Sunday, May 9, 2010

Arizona cracks down

Arizona’s passage of a law making illegal immigration status a state crime (as opposed to a federal one) and requiring police to check the immigration status of arrestees has set off a storm of protest, with demonstrations and calls to boycott the state and make it a pariah.

I’ve written about immigration before, and broadly speaking I’m in favor of it: in a world where capital can move freely around the globe in search of better investment opportunities, it seems only fair to let workers take their labor where they can get the best return on it. And accusations that immigrants take jobs from natives are overblown; they wouldn’t come if there were no demand for their labor.

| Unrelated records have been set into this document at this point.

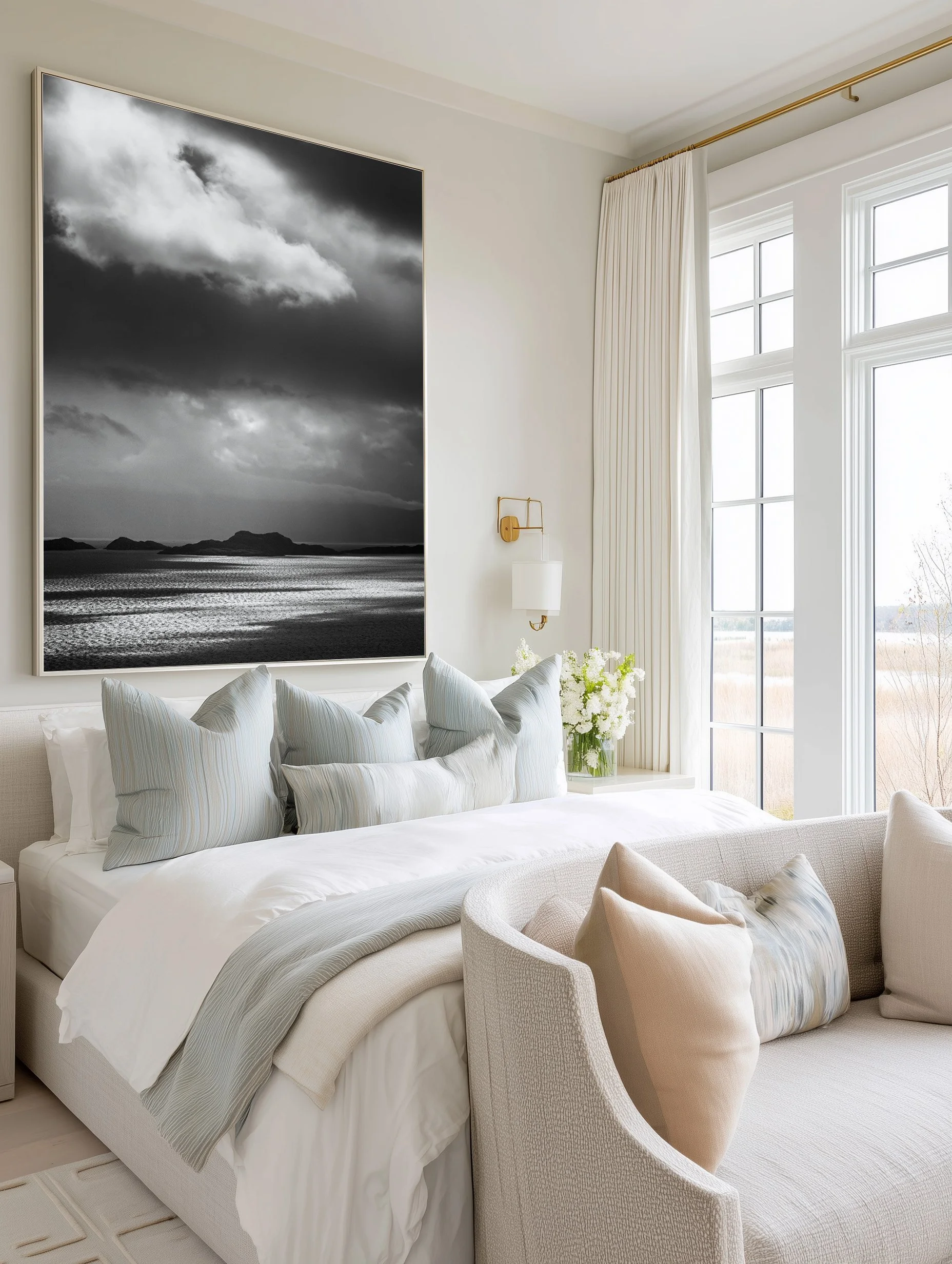 55crionna_studio_iro_style_Michelle_R_Smith_minimalist_bedroom_wi_4fbd2e98-a7fc-4ee4-8912-adab0a97950dHovering-3672.jpg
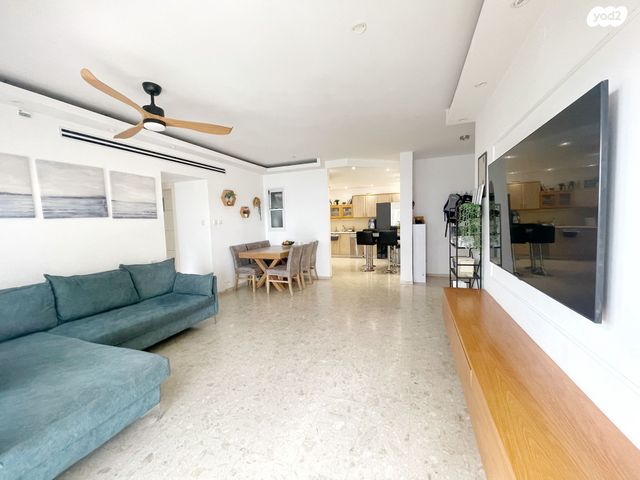 דירה, קלמן ביאלר, רחובות החדשה, רחובות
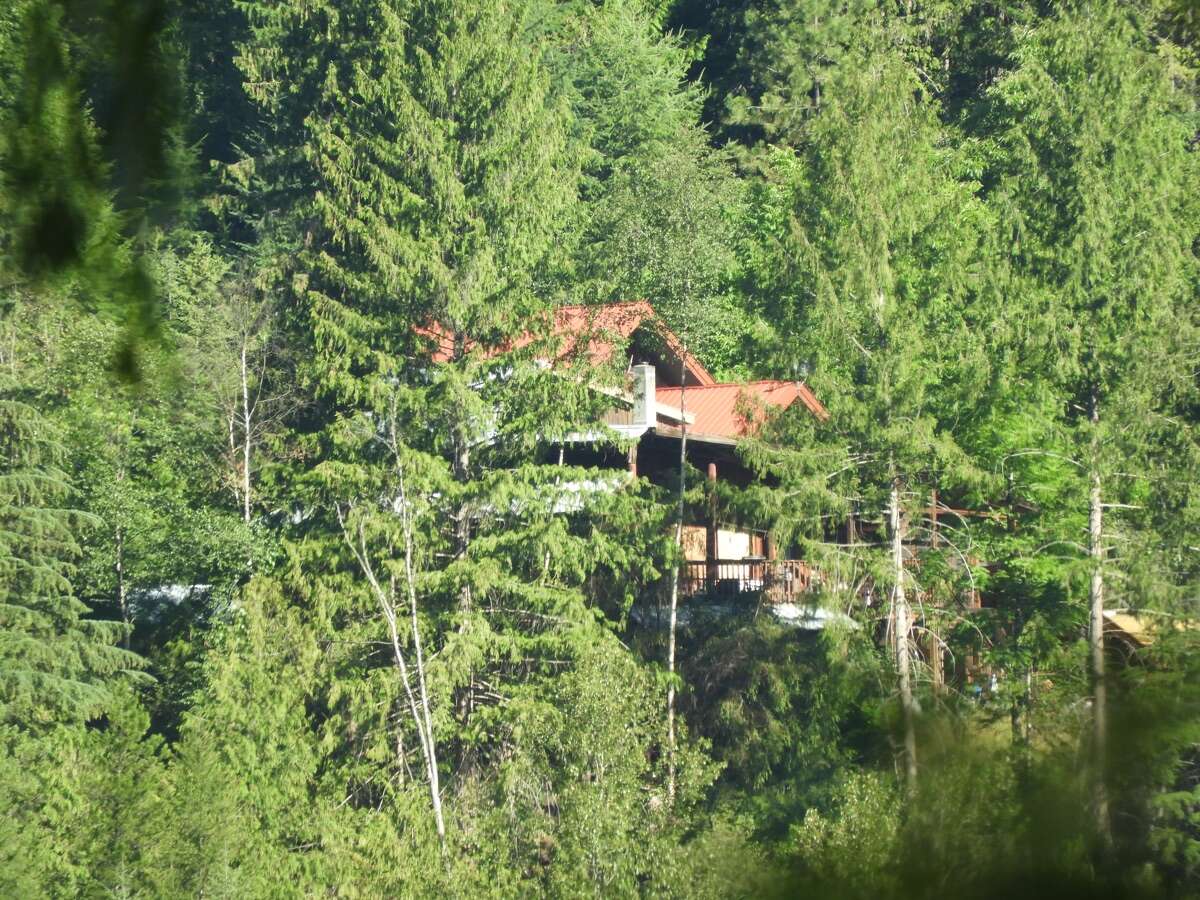 6119 Slocan River Road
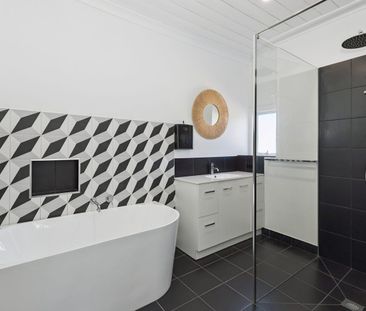 Charm, Comfort & Convenience! - Photo 6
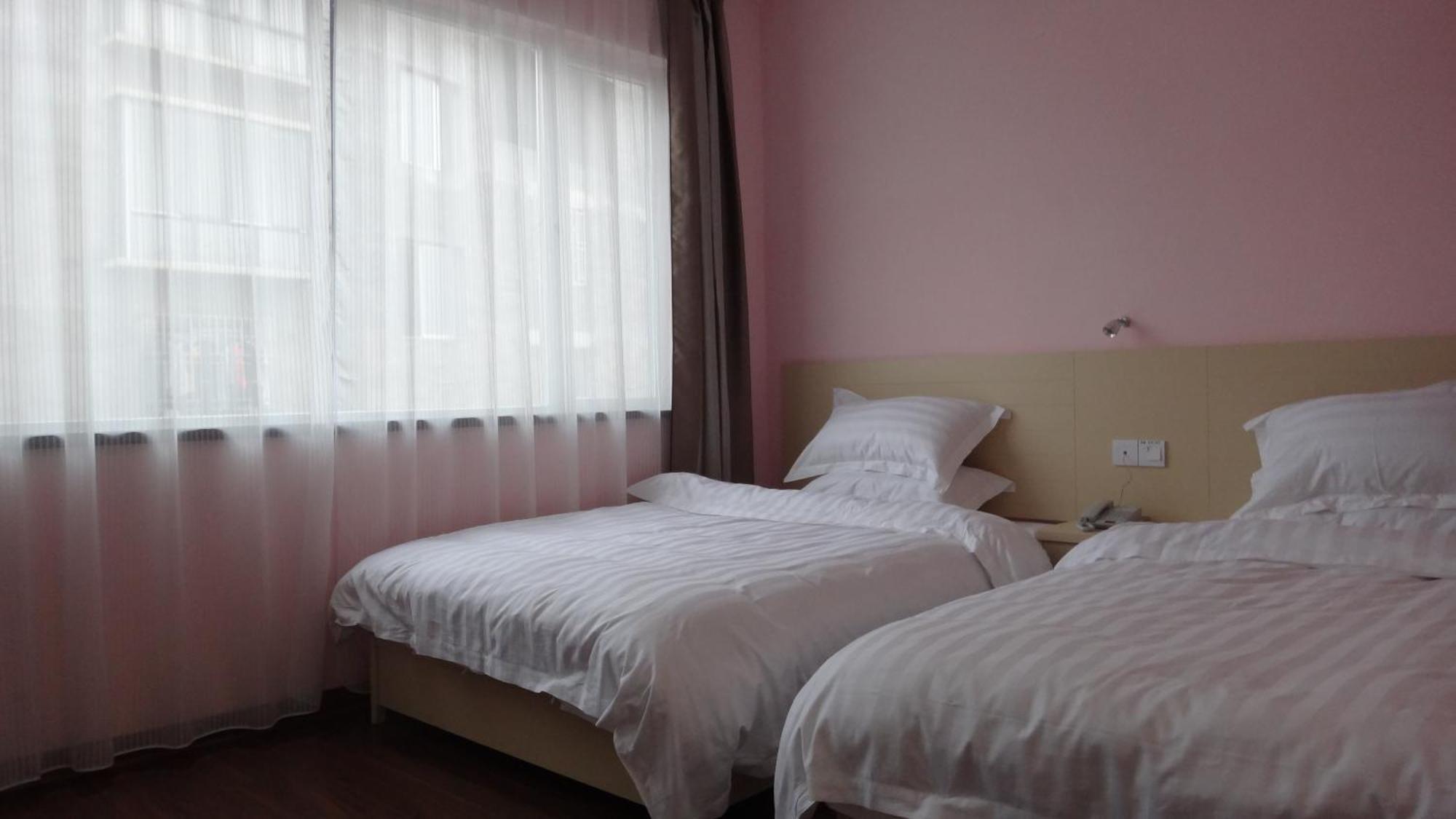 กุ้ยหลิน 68 ดีกรี โฮเต็ล นอร์ธ เทรน สเตชัน แบรนช์ Hotel ภายนอก รูปภาพ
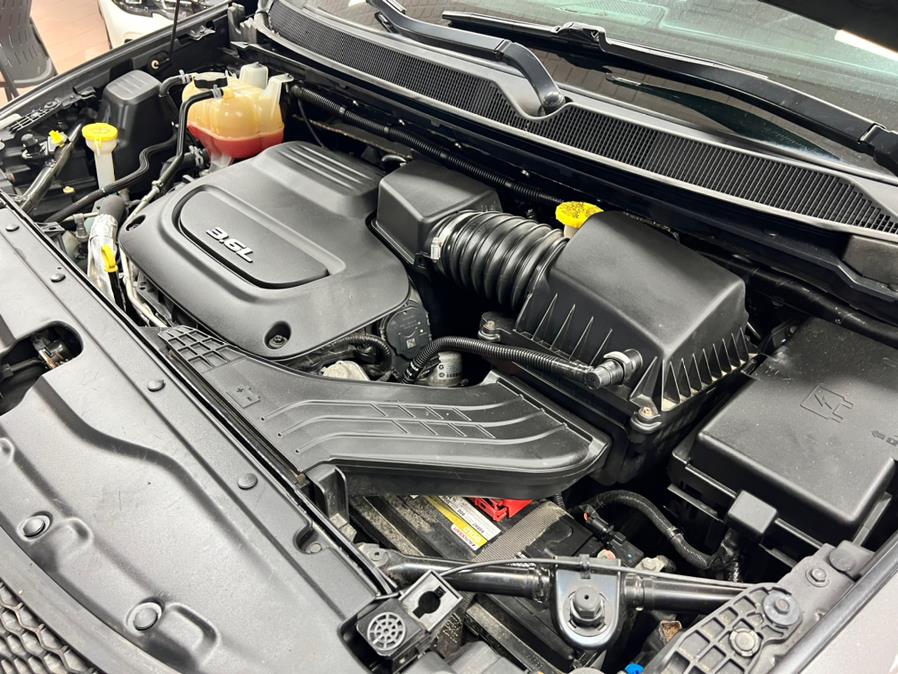 Used Chrysler Pacifica Touring-L FWD 2017 | Power Motors East. Massapequa Park, New York Used Chrysler Pacifica Touring-L FWD 2017 | Power Motors East. Massapequa Park, New York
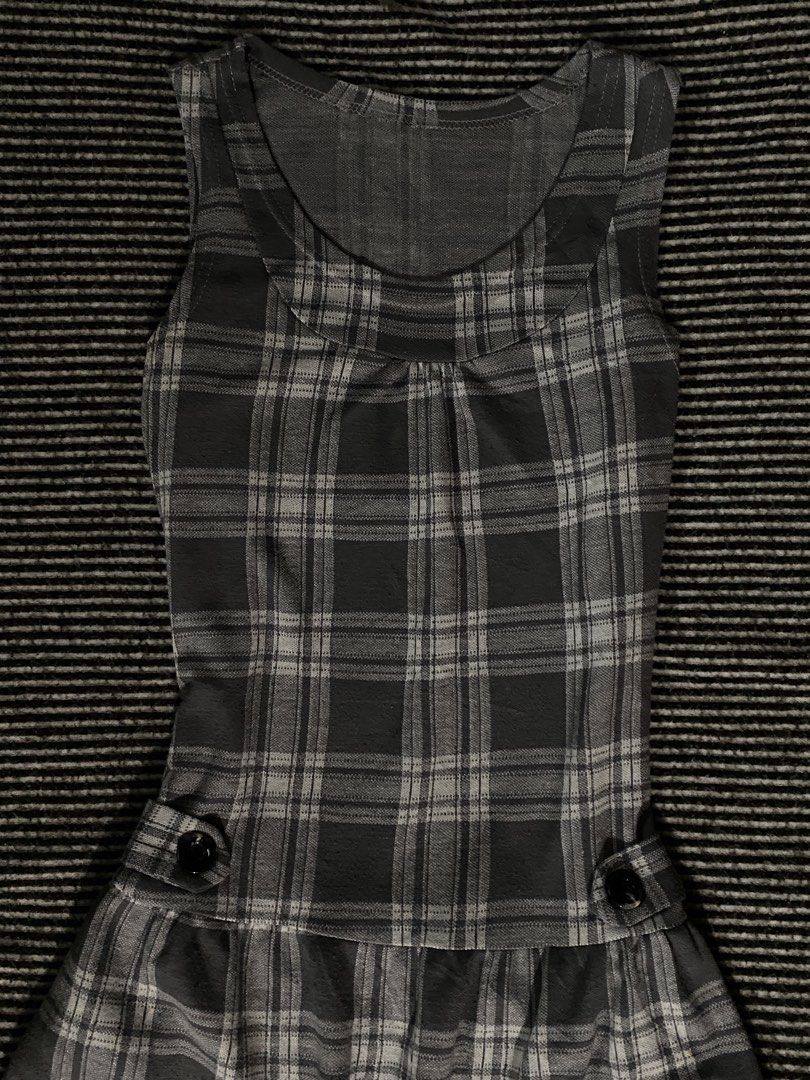 Grey Plaid Sleeveless Mini Dress (Category: Dresses) located in Manila. Submitted by fluttershart (Listing ID 1467229621, Image 3). Description: size: xs-s no issue .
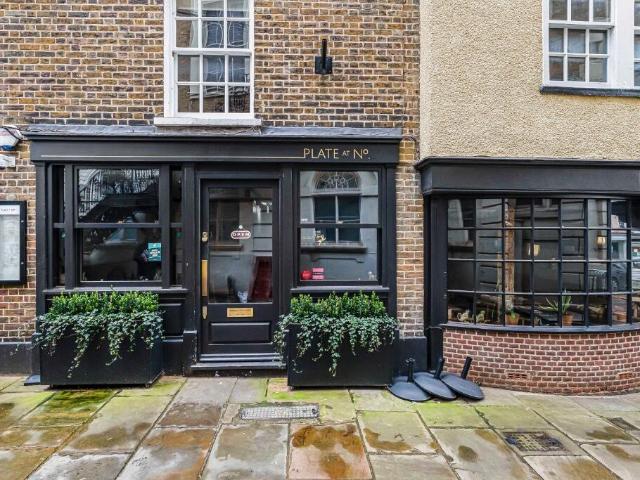 House for sale in Clewer Village, Windsor
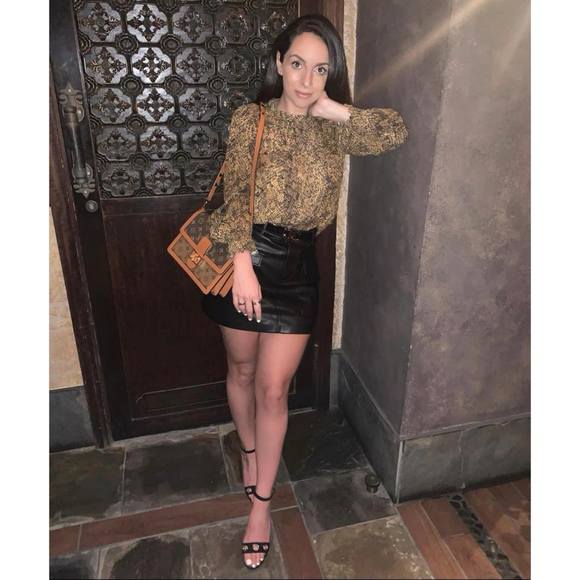 Angela Vanian - Poshmark Profile Picture of Angela Vanian (@angie1992323) on Poshmark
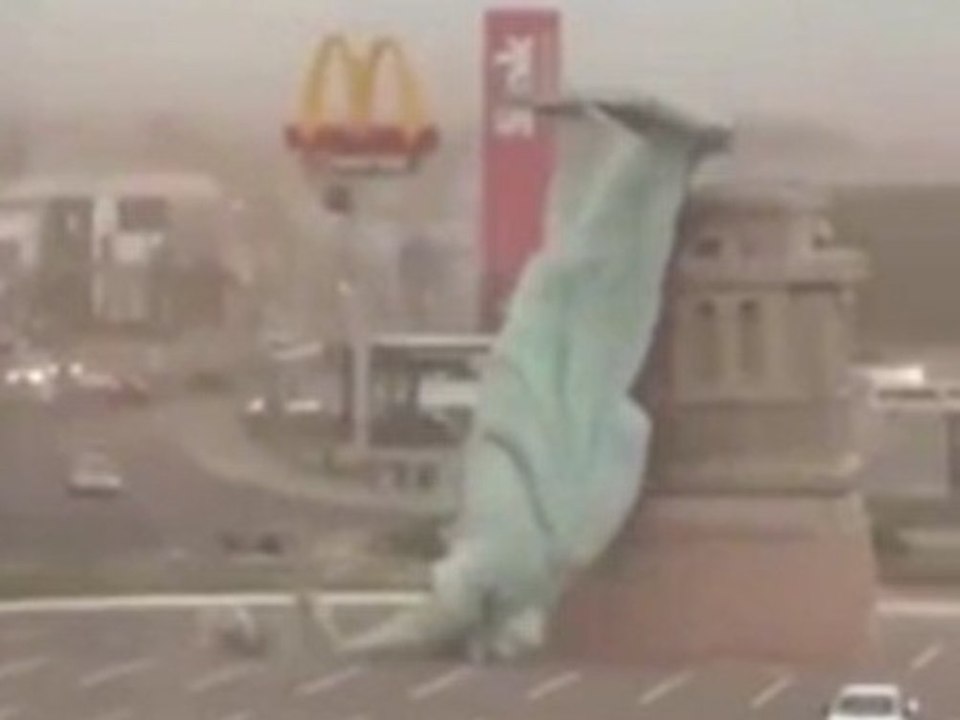 Riesige Statue kippt vom Sockel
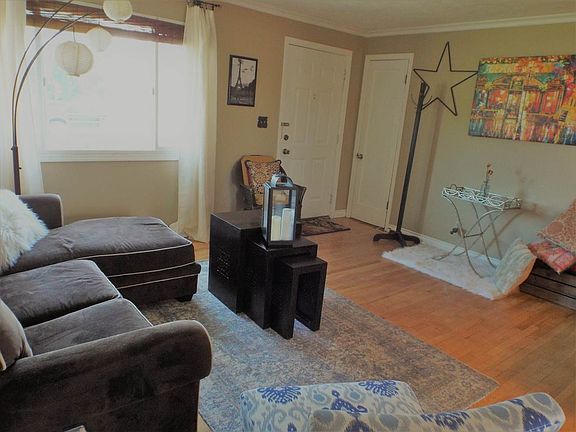 4th image of 1311 E Lacrosse Ave
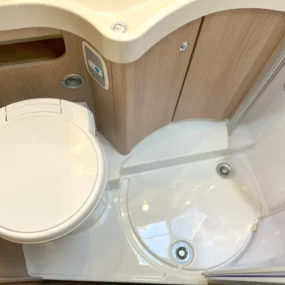 Carthago C-Tourer T 143 LE S Bathroom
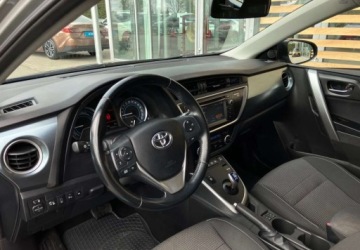 Toyota Auris II Touring Sports Hybrid 135 136KM 2014 Toyota Auris Toyota Auris 1.8 Hybryda 136KM, zdjęcie 30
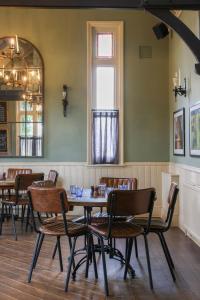 Restaurace v ubytování The Swan at Forest Row + 37 fotografií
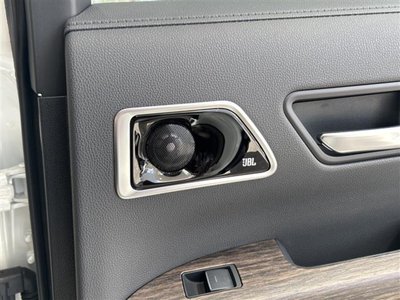 TOYOTA LAND CRUISER 300 - 5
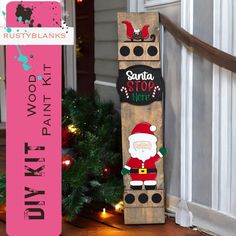 a wooden sign with a santa clause on it Porch Leaner Sign, Patriotic Diy, Diy Christmas Village, Diy Display, Home Wood, Christmas Porch, Whimsical Christmas, Winter Diy, Wood Stain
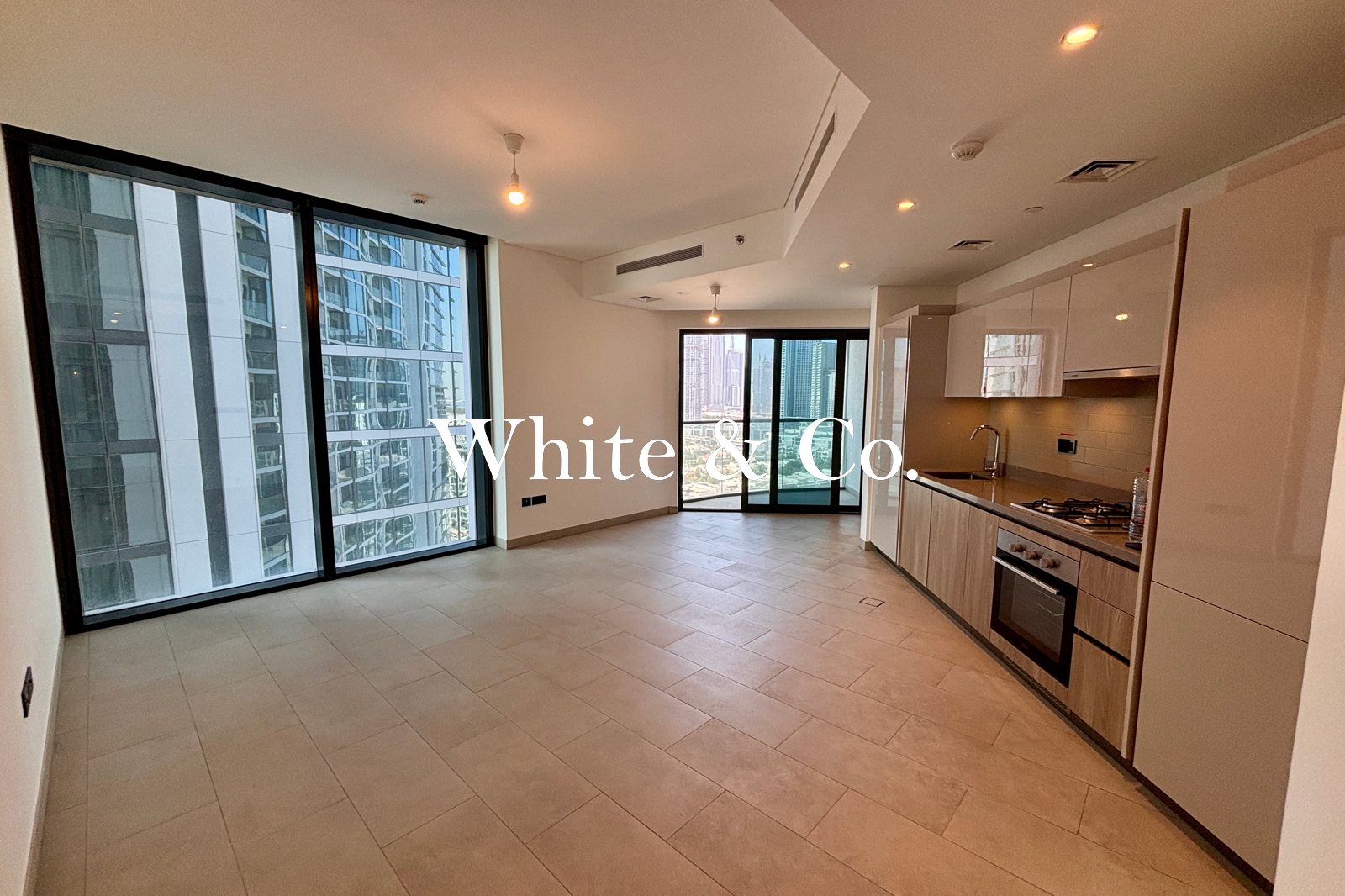 Unfurnished 2 bed | High floor | Balcony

However, mass immigration raises two legitimate concerns besides the economic issue: assimilation and the rule of law. These are what give rise to a lot of the opposition to illegal immigration, and worries about them can't be reduced to mere xenophobia.

In the United States, fears about lack of assimilation are somewhat exaggerated; American culture is powerfully assimilative and assimilation tends to happen of its own accord within a generation or two. The concern here should be merely to avoid measures that can retard assimilation, such as bilingual education programs (however well-intentioned ) that fail to help students make the transition to education in English.

For me the serious issue is the rule of law. The idea that the law is greater than any person, no matter how powerful, is the rock on which the open society rests. There is no greater check on autocracy and governmental misconduct than widespread respect for the laws that govern a society.

But this respect is not a given. It rests on two bases: democratic accountability and consistent enforcement. Our laws must be subject to revision in response to an informed electorate, and they must mean something once they are written.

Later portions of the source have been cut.